“Pakka aunty chala rahi hai gaadi.”
Stuck with a male driver behind a car, I am tired of the number of times I’ve internally protested this chorus. I’m ashamed, but it’s something I was conditioned to believe for the most part of my life, till I began to learn driving in grade twelve.
I had my share of pitfalls the first time I sat behind the wheel. It was also the first time I got to know about the ABCs of driving. It meant sitting with my father who would comment on every turn and brake and tell me exactly when to turn the car, why not to keep to extreme corners while turning and how to avoid the little dents on Indian roads.
But of all the things it taught me, women can’t drive wasn’t one. First off, stop making that general statement. You do not know all the women in the world to make that statement.
Let’s get this straight, no woman applies mascara or lipstick while looking at the rear-view mirror when she is driving.
Educate yourself a bit. Just because you came across three women, in an entire jam of cars that annoyed you, stop assuming that women reach for a lipstick the moment they see their rear-view mirror, or that we’re ready to type out paragraphs in the middle of the road on our cell phones. And if you try calling out people for being irresponsible drivers, call out the crowd that does it in many different ways. Because it’s been seven years since I learnt how to drive and I’ve been with female drivers enough to vouch for the fact that no, the rear-view mirror is not a decorative accessory.
The majority of women I know are people who were introduced to the technicalities of a car for the very first time. Remember that in the ‘ normal’ world we live, baby girls are given dolls and baby boys are given cars to play with. The conditioning goes back a long way, so be careful before you play the blame-game.
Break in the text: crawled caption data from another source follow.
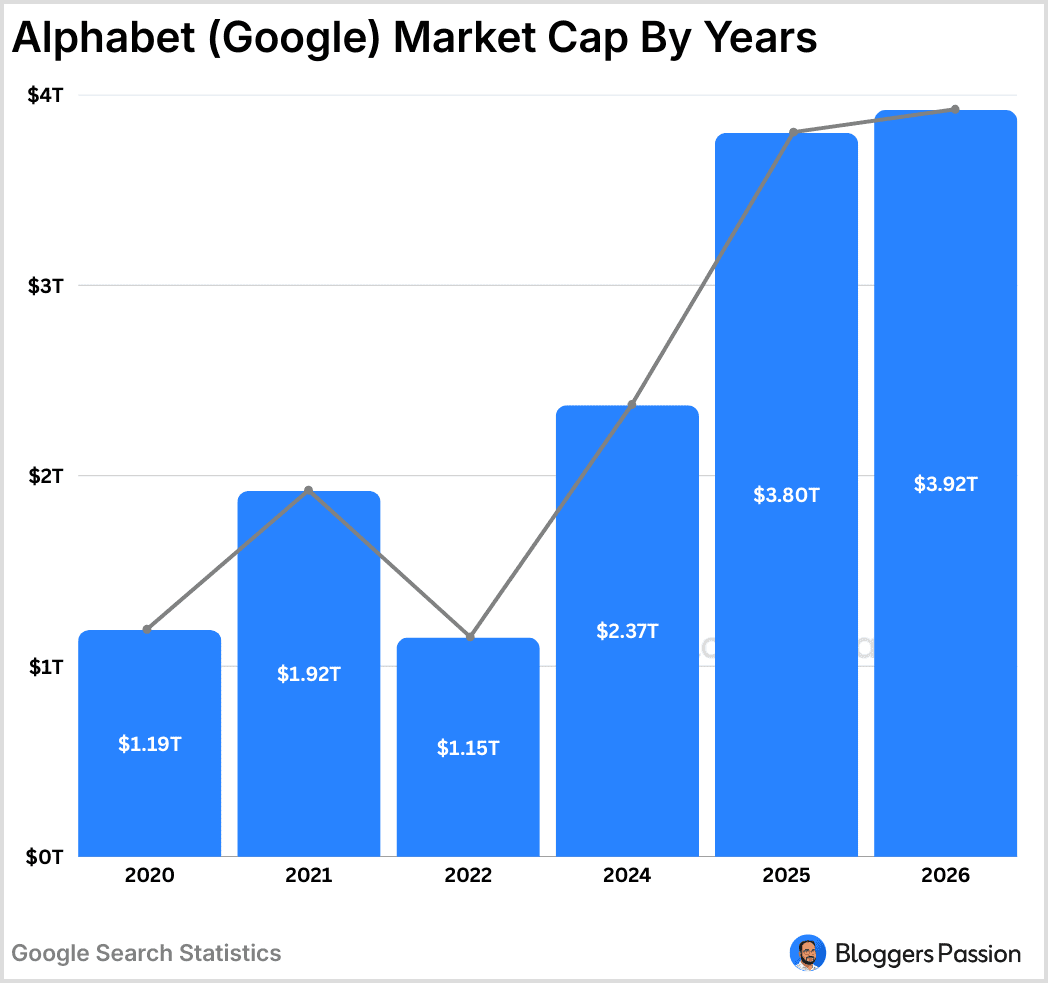Alphabet Google Market Cap By Years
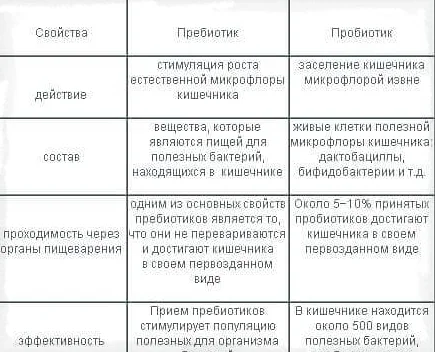 Таблица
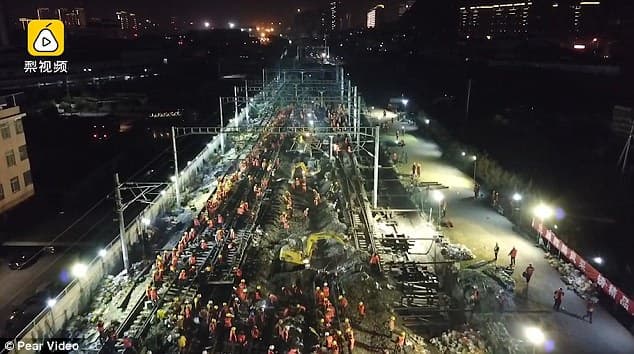 E pabesueshme në Kinë, punonjësit rikonstruktojnë hekurudhën për 9 orë (VIDEO)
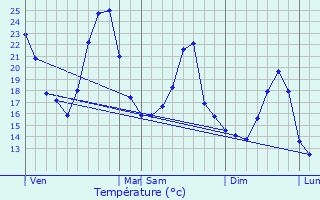 Graphique des tempratures prvues pour Upie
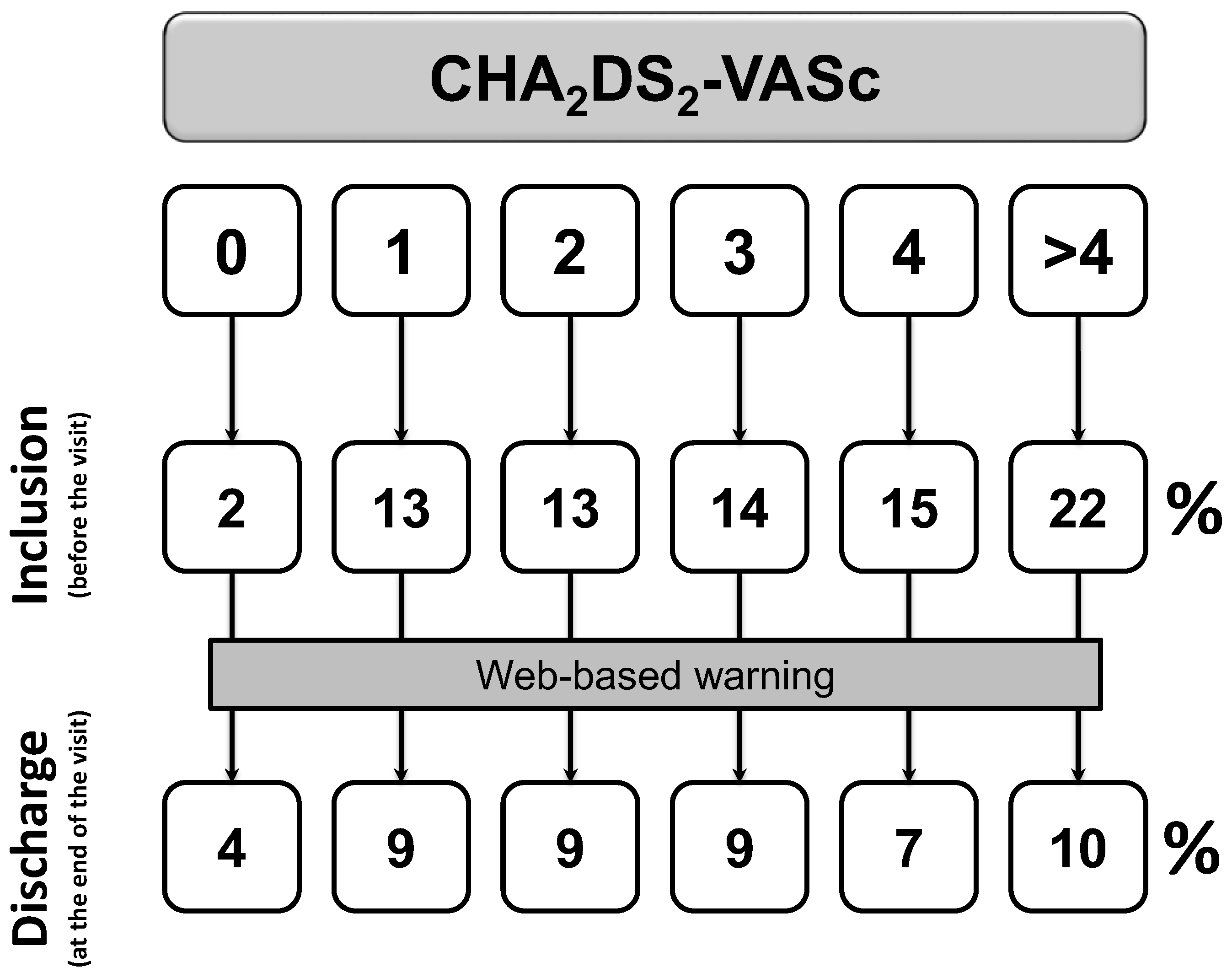 Clinpract 13 00105 g003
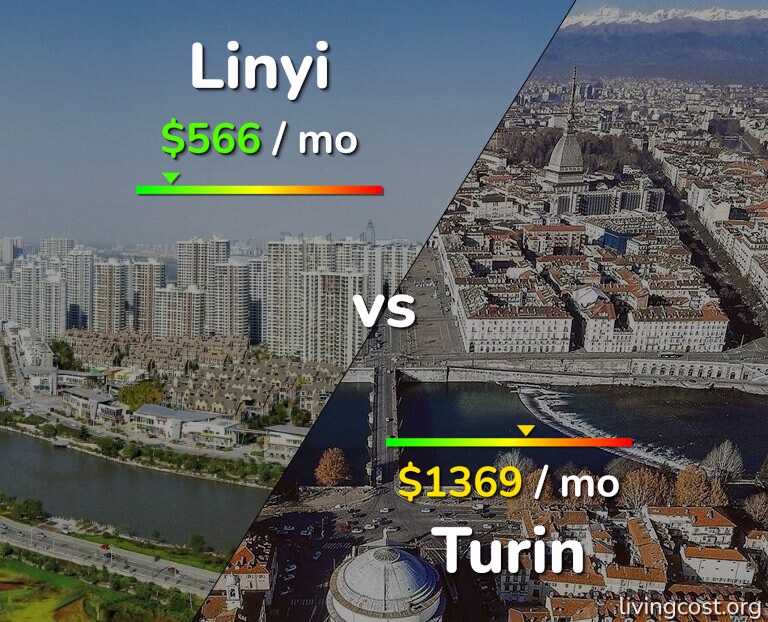 Cost of living in Linyi vs Turin infographic
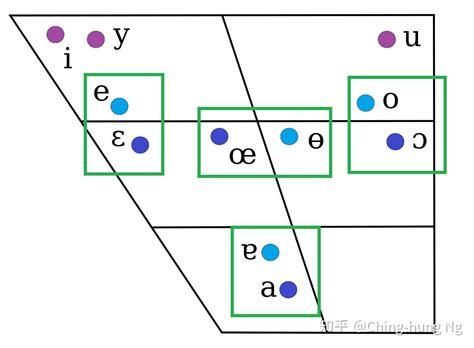 正版广州话正音字典：广州话普通话读音对照精装修订版粤语教程学习书籍正字广东话字典工具书零基础学粤语拼音部首检索_虎窝淘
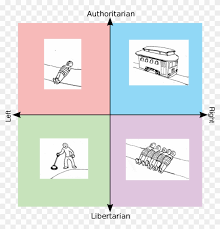 Search for instant quality results at helping.com. Political Compass Left Meme Hd Png Download 1280x1280 5714309 Pngfind
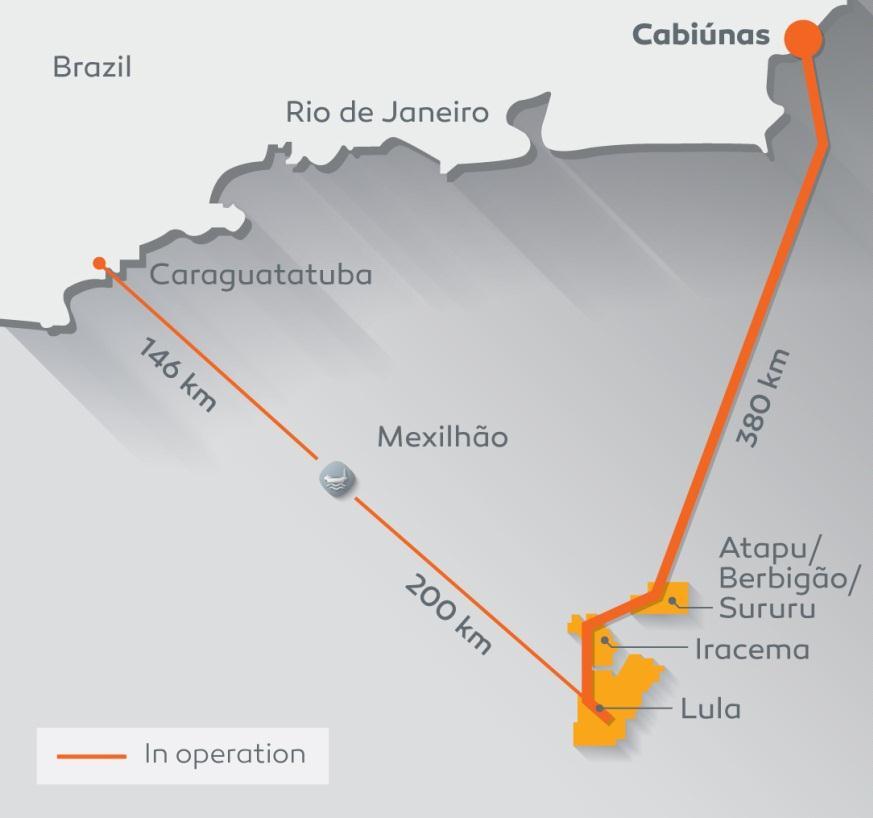 Santos basin: Gas export through Cabiúnas started in March 8 Existing gas export infrastructure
Yeah, we all have an acceptance problem. It’s like white supremacy – they see people who don’t look like them, trying to do things that they’ve been doing for ages and they realise nothing’s being done right. This is exactly like developed countries asking the third world to come up with technologies to control their CFC emanation. Well, bro, if you could just be kind enough to let us study CFC first maybe? Assuming a person with one-fourth the access to things that you’ve explored all your life, is going to be flawless with it, is your privilege talking.
Also, can we please stop harassing/racing/running into/pushing off the road/rashly overtaking female drivers? For people who claim to know so much about on-road etiquette, you’re really not behaving like it.
Something happens when people see a woman behind the wheel. Auto drivers want to overtake you, they don’t bother moving an inch when we honk for them to leave the left open, even though there’s enough to let them pass, and suddenly the speed at which we’re approaching does not matter when you’re changing your lane and merging into the traffic on the opposite side of the road. Why is there an understanding that I will slow down for you to move into the opposite lane when I’m traveling at the same speed as the cars that were just seconds ahead of me? And then they tell me women can’t drive.
My father mostly resorts to reason when he has to explain or understand things, and he always told me it was all about practice. More than 80% of the women you see on the road are new to the wheel. They’re still probably getting the hang of the controls. When you bellow your outrage at women for being too slow, remember that you too have been in those shoes with people honking madly. Stop making casually sexist remarks out of learning curves. It goes on to show your insecurities, and lack of acceptance of people wanting to develop skills.
The fact that women are now behind the wheels even in the public transport sector makes a very valid point about how unclear the principles of driving are for women. What needs to change is your very ‘objective’ idea of the same, which seems difficult even after so many women made their way into the racing circuit. Till y’all figure that out in your heads, I’ll just manoeuvre around other drivers who think I need to make way for their arrival. You take your time.